At Kadco, the tools we use differ substantially from conventional milling and drilling tools. We use mills to produce features that would be impossible to make on our surface grinders. We have a substantial number of three-axis CNC mills, all of which our two skilled milling machinists can keep running simultaneously. We also employ a unique five-axis CNC machining center, originally intended for grinding precision optics, to machine workpieces that would be prohibitively complicated to make on our three-axis mills.
Milling Tools
The tools we typically use for milling have more in common with the wheels we use on our surface grinders than with conventional endmills.

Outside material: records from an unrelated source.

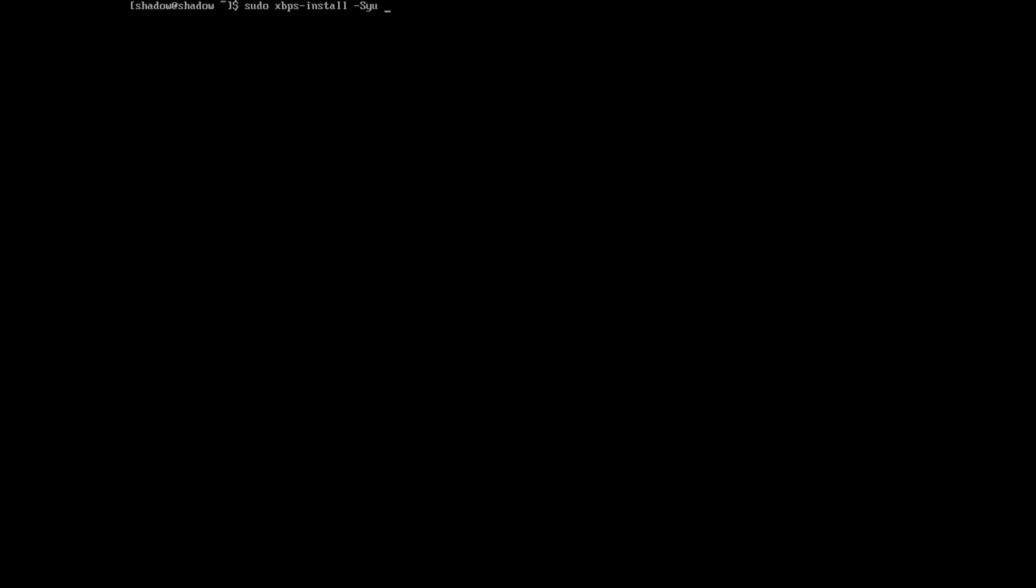The first thing you need to install is xorg. Everybody knows what xorg is. And git, and dmenu. Dmenu is the—I'm going to show you later what dmenu is. And install a browser, any browser will do. I'm going to install the chromium browser.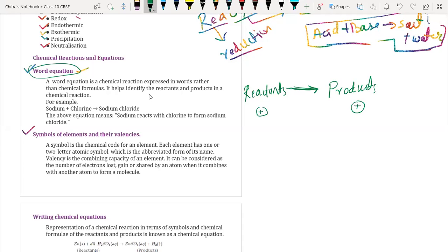If there are any catalysts being used, we have to mention them here. If heat is going to be released, we have to write heat on that side. If heat is going to be absorbed, we have to write it on the reactant side. If reactants are present in solid, liquid, or gas form, we have to mention the physical state of reactants as well as products. If you are using an allotropic form of some element, we have to write the allotropic form also. That we have discussed in our earlier class.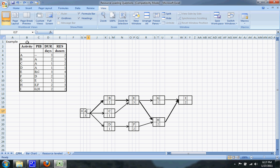To start off, you'll be given a table that looks like this — it gives you the activity, what it is immediately preceded by, the duration, and the resources that it requires.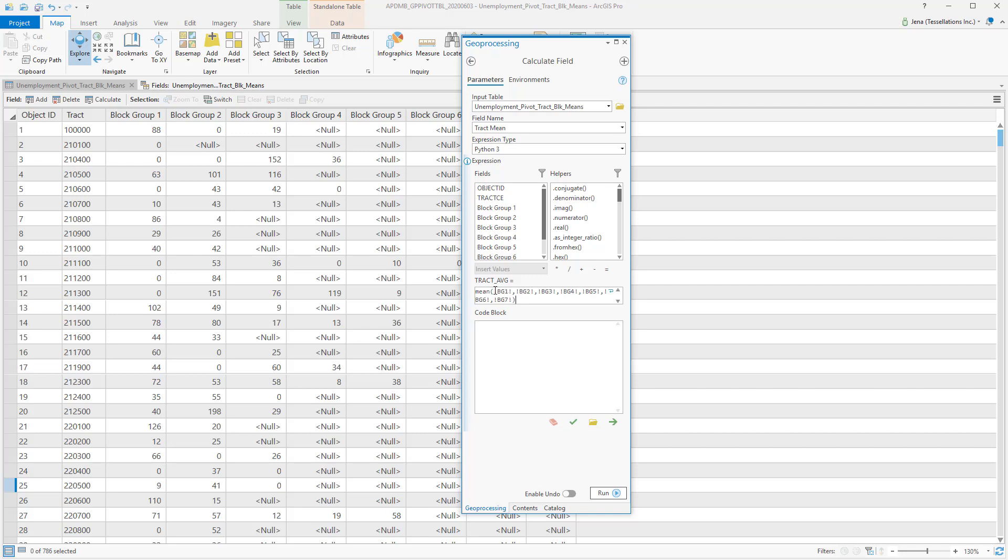I'm creating a variable within my expression, and I'm calling it Mean. Here you can see that I've added all of my seven block groups, and they're separated with a comma. You could either hand-type or double-click, and it'll drop it in there for you.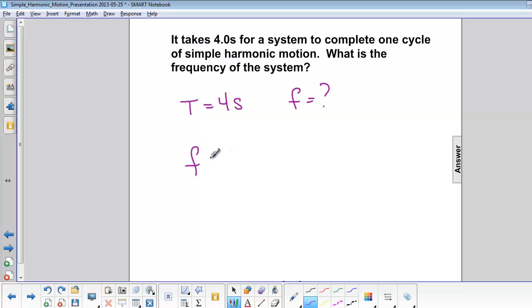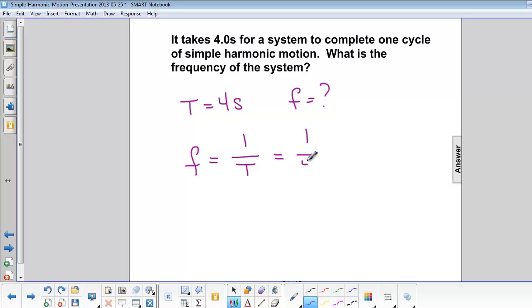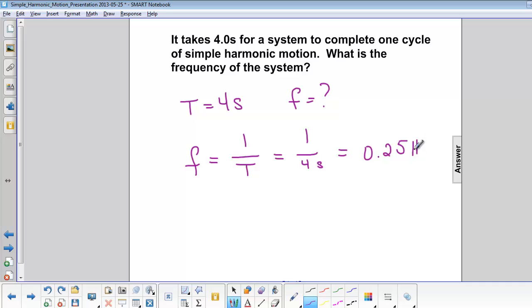Frequency is equal to 1 over period. 1 over 4 seconds is equal to 0.25 Hz.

These tools generally consist of a steel shank and thousands of diamond particles in a single layer on one end, embedded in a layer of electroplated nickel. Rather than cutting with sharpened teeth, the individual diamonds remove tiny chips from the workpiece.

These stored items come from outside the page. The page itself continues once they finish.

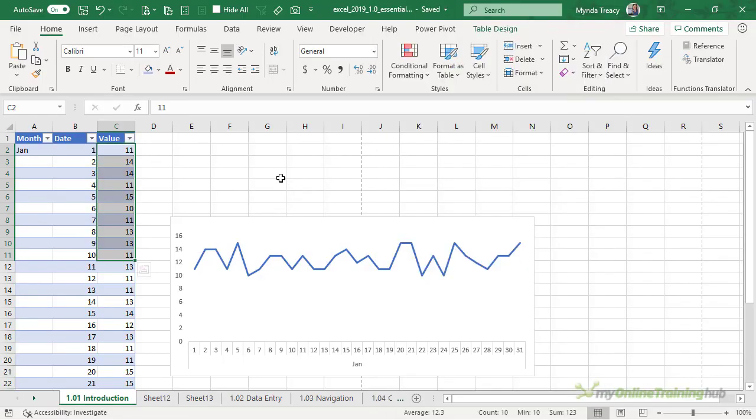Ok, now that you're familiar with the interface let's move on and we'll start entering data and writing some formulas.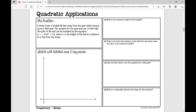Let's get started on your second problem over quadratic applications. This problem involves trajectory, which is the path followed by a projectile, flying, or an object moving under the action of given forces. So let's get started.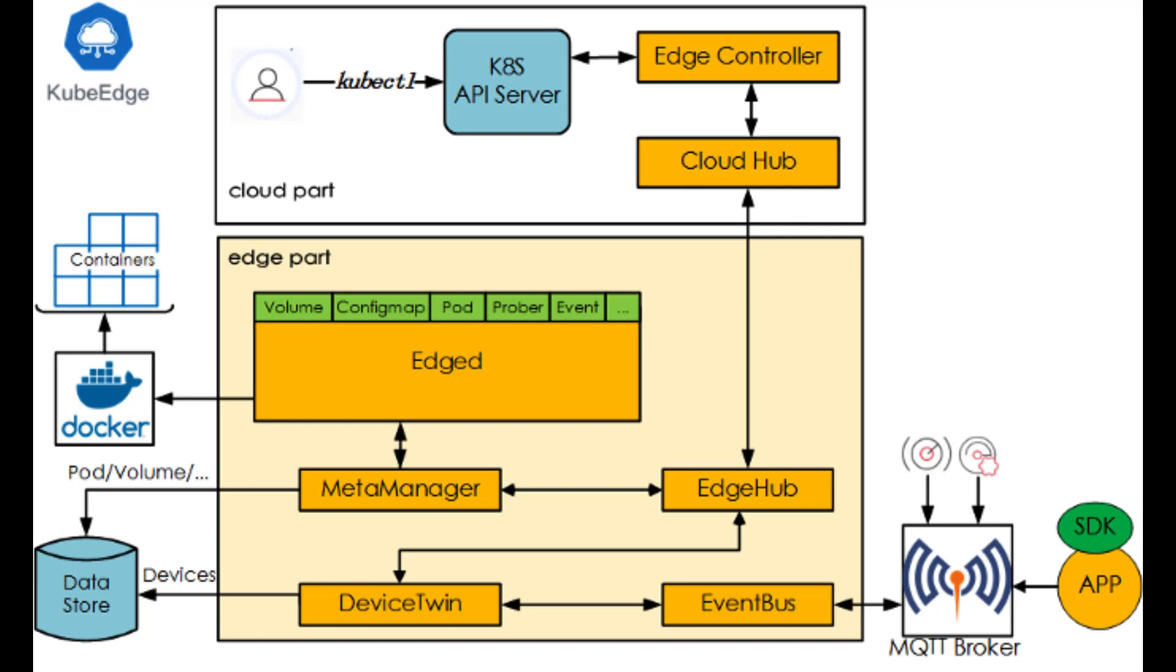KubeEdge will support more device communication protocols in the future with increasingly community partners joining. KubeEdge updates and synchronizes device status via device twins or digital twins. That gives Kubernetes extended API to abstract device objects in the cloud.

Recently, advances in the synthesis of binderless polycrystalline diamond (BL-PCD) and use of ultrashort pulsed laser ablation have allowed the creation of tools with complex cutting geometries, much like that of conventional tools. These BL-PCD tools create new possibilities for milling threads, cutting more accurate contours, and drilling smaller holes in hard materials.
Core Drills
We often use core drills—a hollow metal cylinder, plated with diamond on one end, through which we run pressurized coolant—to create deep holes in materials harder than that which conventional tools are made from. A substantial benefit of the hollow drill is that the material from the center of the hole, which would be wasted with conventional tools, is usable as cylindrical stock.
Grinding Wheels
Yes, grinding wheels! The exact ones we use on our surface grinders can be used with our five-axis machining center. This allows the higher material removal rates one would associate with a purpose-built grinder (in ceramics) as well as the more complex geometries and setup flexibility offered by a five-axis mill.